ONTARIO
SUPERIOR COURT OF JUSTICE
COURT FILE NO.: 08-CV-42440
DATE: 2012-04-17
B E T W E E N:
LOUISE MARCUS
Richard R. Marks, for the Plaintiff
Plaintiff
- and -
CAROL ANN COCHRANE and LOW MURCHISON LLP
Heather Williams, CAVANAGH WILLIAMS CONWAY BAXTER LLP, for the Defendants
Defendants
HEARD: Via written submissions.
Madam Justice B. R. Warkentin
REASONS on costs
[ 1 ] In paragraph 97 of my reasons for judgment I found that the defendants were entitled to their costs of this proceeding. Based upon the evidence at trial, I was of the view that costs should be in the form of full indemnity costs and asked counsel to specifically address that issue in their submissions.
[ 2 ] I have now received and reviewed the submissions of counsel for the plaintiff and counsel for the defendants.
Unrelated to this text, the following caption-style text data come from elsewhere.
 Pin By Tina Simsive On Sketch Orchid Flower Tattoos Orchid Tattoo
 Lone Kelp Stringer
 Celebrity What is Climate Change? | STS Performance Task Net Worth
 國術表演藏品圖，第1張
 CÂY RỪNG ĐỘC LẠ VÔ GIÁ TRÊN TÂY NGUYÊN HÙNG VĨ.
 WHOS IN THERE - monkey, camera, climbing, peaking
[ 3 ] This was an action in which the plaintiff alleged that the defendant lawyer, Ms. Cochrane, was negligent. In my reasons for judgment I concluded that Ms. Cochrane was not negligent and dismissed the plaintiff's claims. I also found that even if she had been negligent, the plaintiff had not suffered any damages.
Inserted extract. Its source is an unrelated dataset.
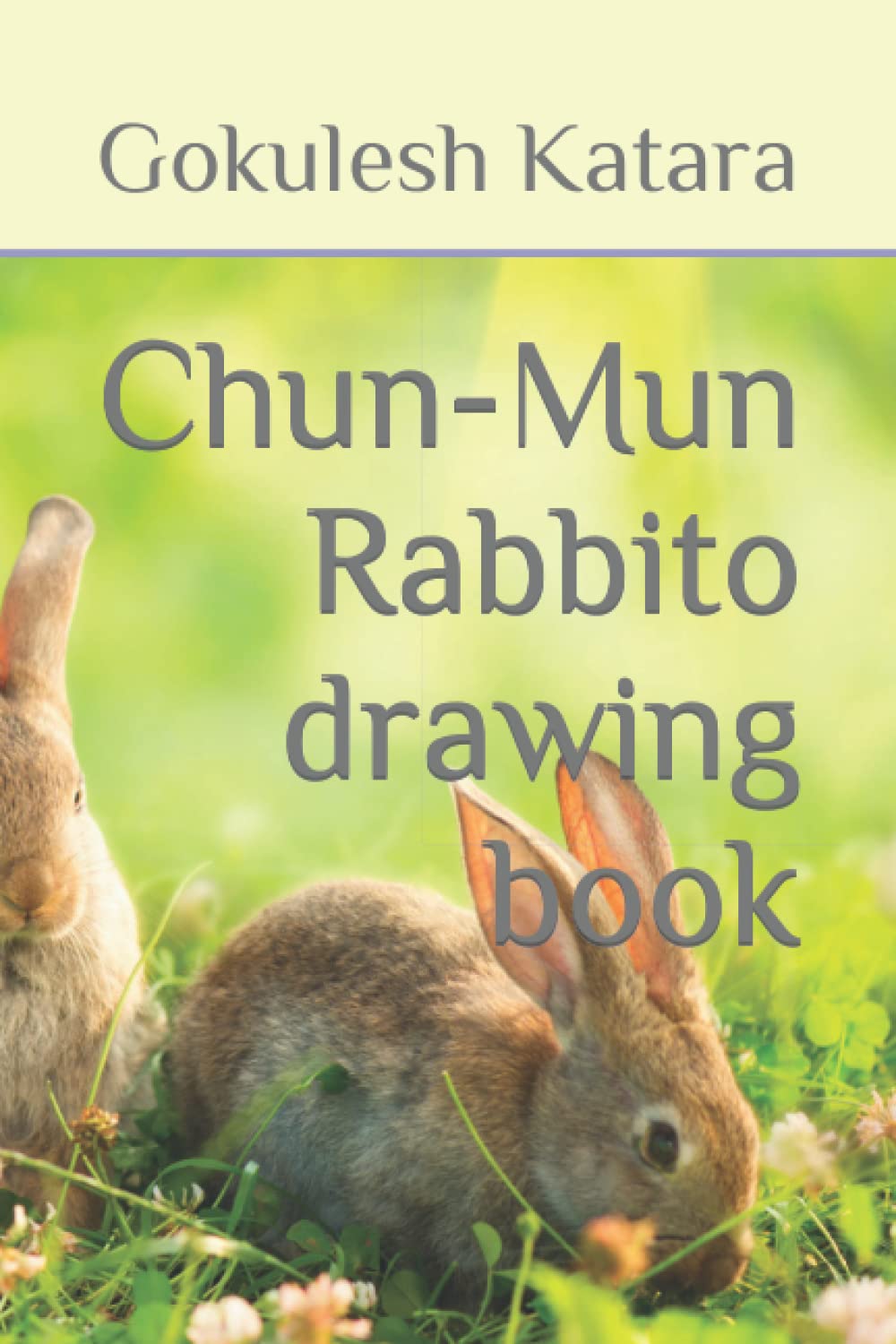 Chun-Mun Rabbito drawing book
[ 4 ] The defendants submit that the plaintiff should pay their costs of $160,706.99. The quantum proposed by the defendants represents the defendants' full indemnity costs, but because the rate charged by counsel for the defendants was at a discounted hourly rate, charged to the defendants' insurers, the defendants indicated that they would have sought the same amount whether partial, substantial or full indemnity costs were awarded.
[ 5 ] It is noteworthy that the plaintiff's partial indemnity costs, as set out in her counsel's costs submissions, were $172,645.55, an amount greater than the defendants' full indemnity costs.
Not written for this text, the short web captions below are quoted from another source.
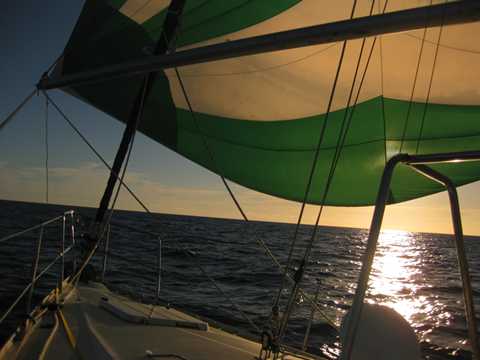 Schwitzt – Adios Abrolhos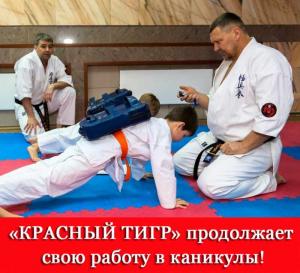 Фотография Школа Единоборств "КРАСНЫЙ ТИГР" 5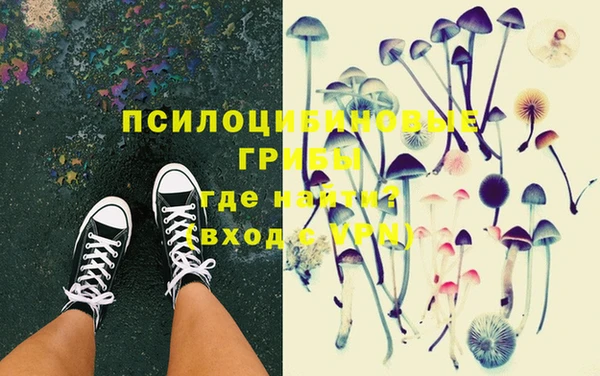 гидропоника Куйбышев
[ 6 ] In Fong et al v. Chan et al , [1] the Ontario Court of Appeal set out three fundamental purposes of modern cost rules:
(1) to indemnify successful litigants for the cost of litigation;
(2) to encourage settlements; and
(3) to discourage and sanction inappropriate behaviour by litigants.
[ 7 ] Rule 57 of the Rules of Civil Procedure , sets out the factors to be considered by a court when exercising its discretion under s. 131 of the Courts of Justice Act . The rule places emphasis on the result in the proceeding and any written offer to settle when considering the other factors enumerated in the rule.
[ 8 ] Rule 57.01(4) (d) confirms that nothing in the Rules affects the authority of the court under s. 131 of the Courts of Justice Act to "award costs in an amount that represents full indemnity".
[ 9 ] One of the main purposes of a costs award is to “compensate the successful party to the litigation for some of the legal expenses that party has incurred.” [2] One must always have in mind the overriding principle of reasonableness and the fundamental objective of preserving access to justice.
[ 10 ] The Ontario Court of Appeal in Boucher v. Public Accountants Council For The Province of Ontario [3] stated that the fixing of costs does not begin nor end with the calculation of hours multiplied by rates. The overall objective is to fix an amount that is fair and reasonable for the unsuccessful party to pay in the particular circumstances of the case rather than an amount fixed by the actual costs incurred by the successful party.
[ 11 ] Costs on a full indemnity basis represent complete indemnification at actual rates. Full indemnity costs have been held to be appropriate in circumstances still more exceptional than those justifying the application of the substantial indemnity scale. For example, where there are unsubstantiated allegations of dishonesty or where there is conduct of a party that is "reprehensible, scandalous or outrageous", full indemnity costs may be appropriate. [4]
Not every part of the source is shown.